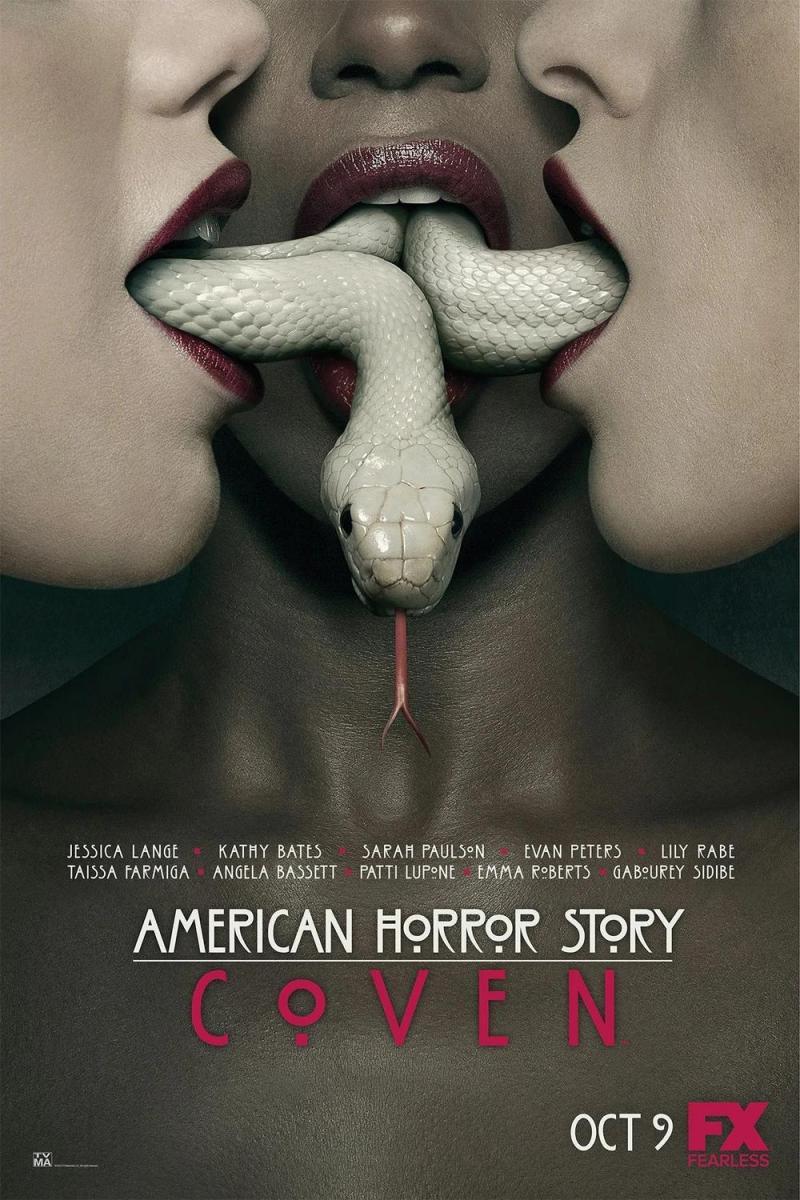 American Horror Story: Coven (2013) - Filmaffinity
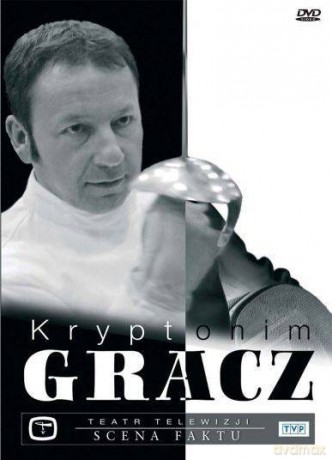 Teatr TVP: Kryptonim Gracz [DVD]
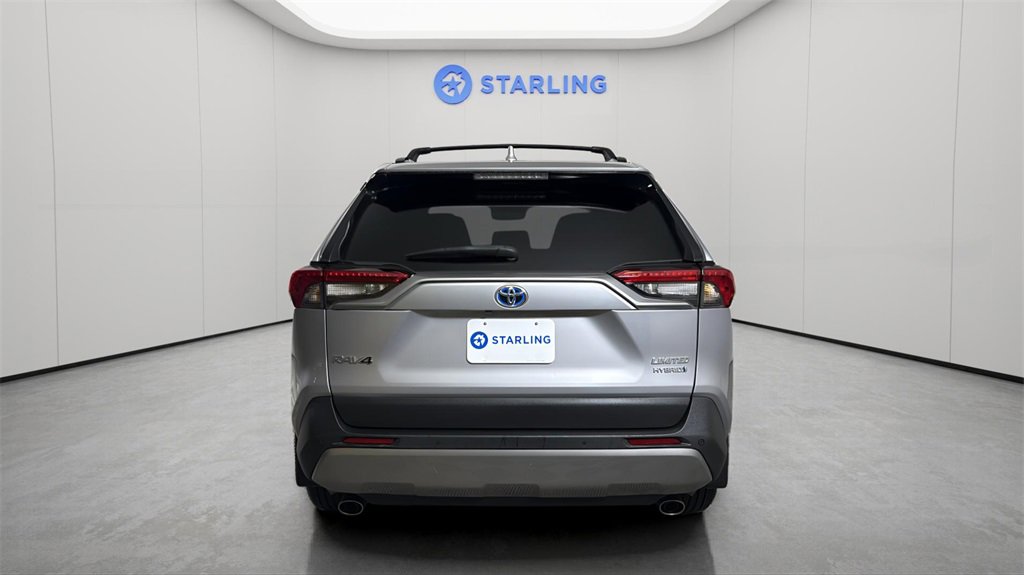 Used 2022 Toyota RAV4 Limited image 7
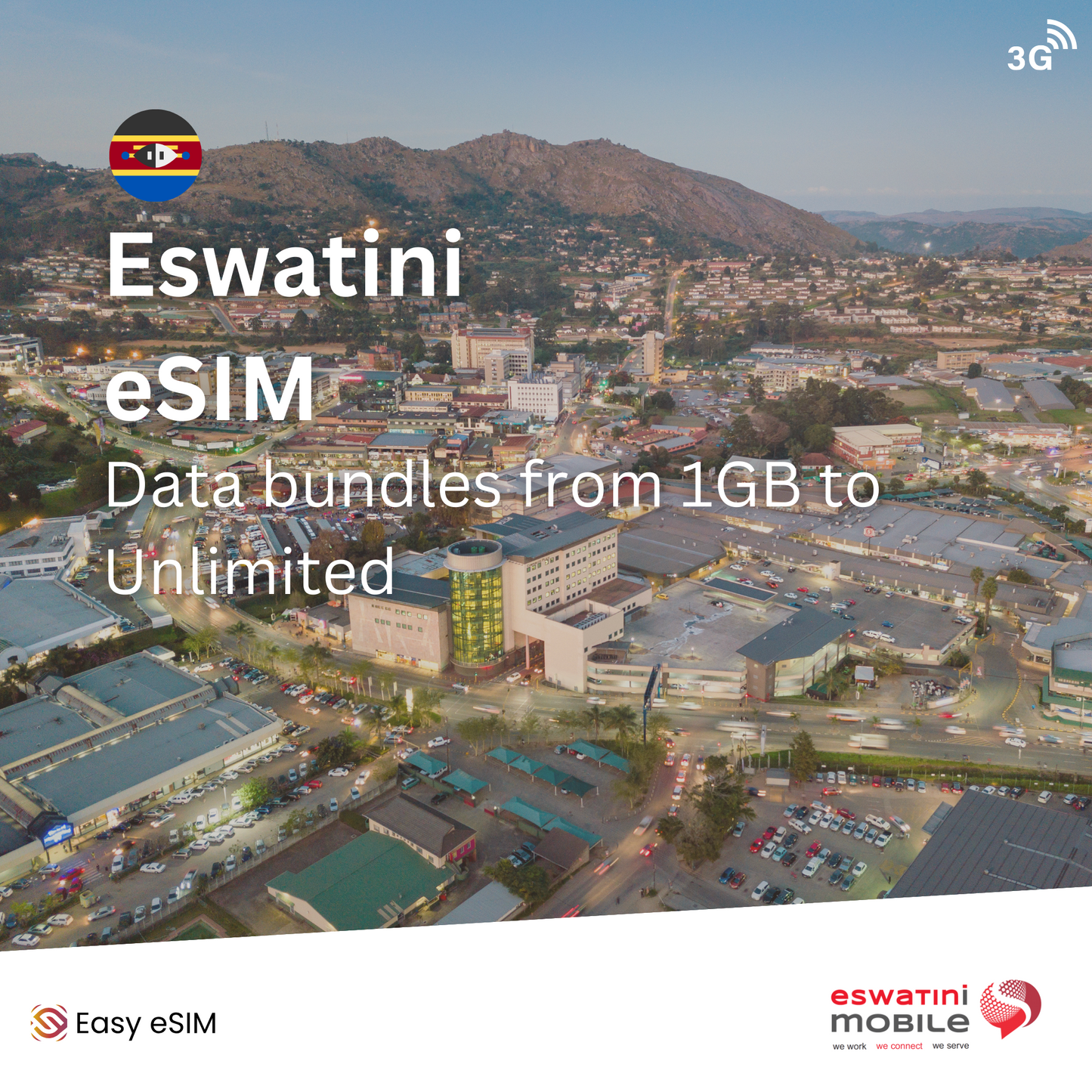 Eswatini eSIM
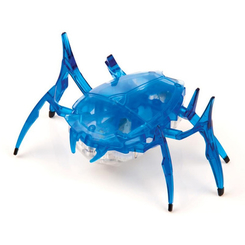 Роботи - Нано-робот HEXBUG Scarab синій (477-2248/5)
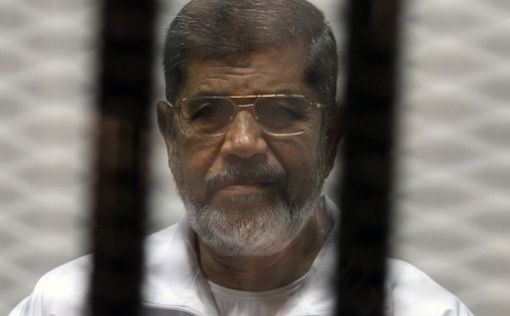Приговор Мурси по делу о беспорядках 2012 года - в силе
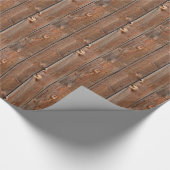 PAPIER CADEAU PANNEAU DE GRANGE (Coin)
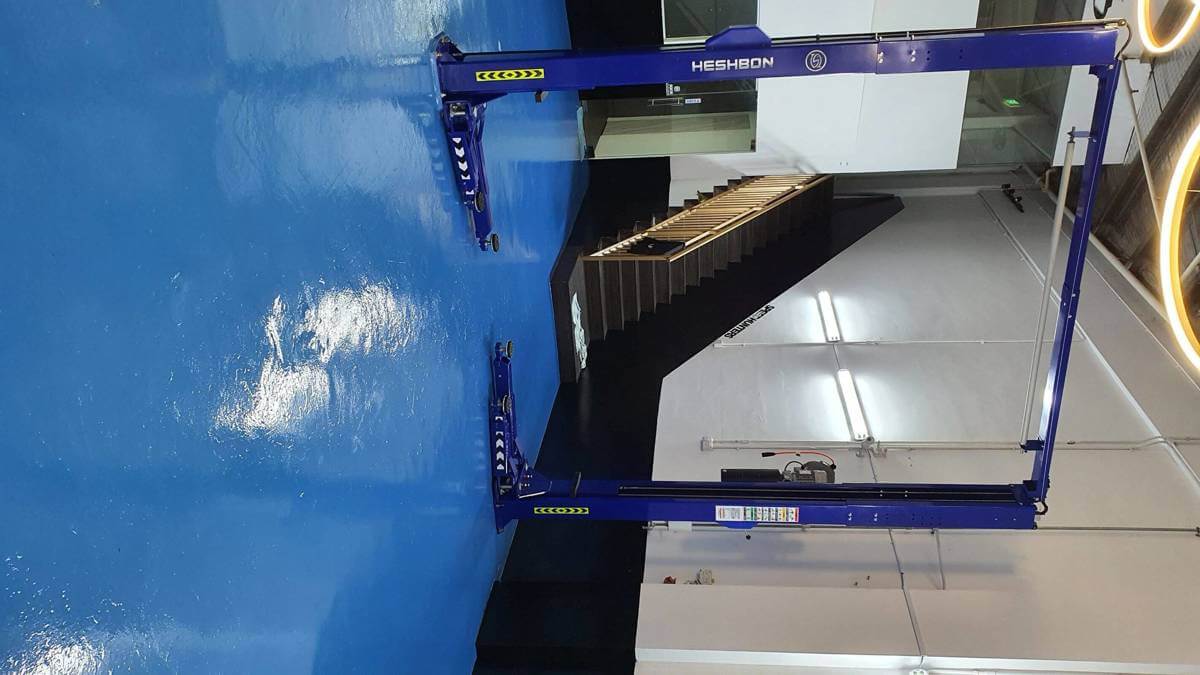 (Expired)Fully Equipped Automotive Workshop 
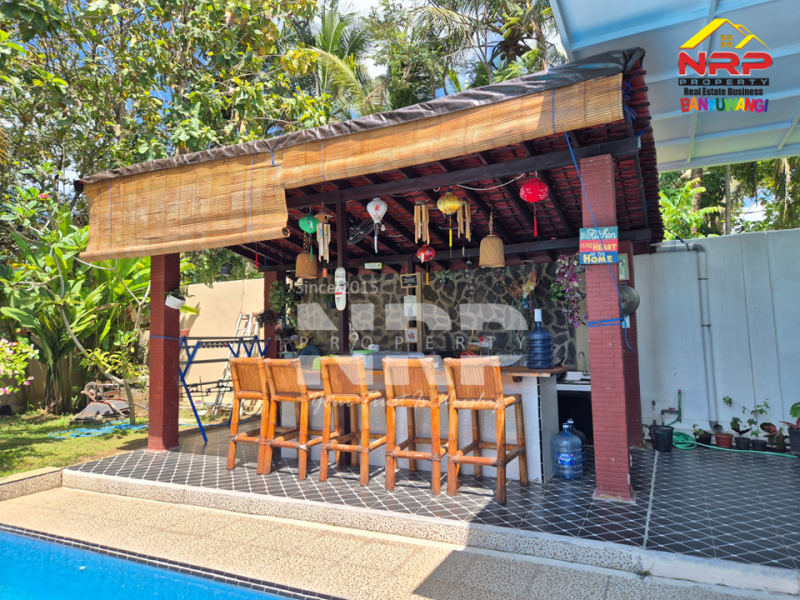  Dijual Vila Murah Nyaman dan Cantik di Mangir - Rogojampi   Dijual Vila Murah Nyaman dan Cantik ada kolam renang  di Mangir - Rogojampi  YOUR PRIVATE ESCAPE IN BANYUWANGI. Dijual Vila Nyaman dan Cantik di Mangir - Rogojampi&nbsp;
Dengan private pool yang bikin suasana makin eksklusif. View NRP BANYUWANGI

--------------------------------------------------

=== About this exercise ===
Beginning at the line that contains "Dijual Vila Murah Nyaman dan Cantik di", transcribe it and every later line through the last line of the data above, exactly, and drop the pictures.

=== Problem solution ===
  Dijual Vila Murah Nyaman dan Cantik di Mangir - Rogojampi   Dijual Vila Murah Nyaman dan Cantik ada kolam renang  di Mangir - Rogojampi  YOUR PRIVATE ESCAPE IN BANYUWANGI. Dijual Vila Nyaman dan Cantik di Mangir - Rogojampi&nbsp;
Dengan private pool yang bikin suasana makin eksklusif. View NRP BANYUWANGI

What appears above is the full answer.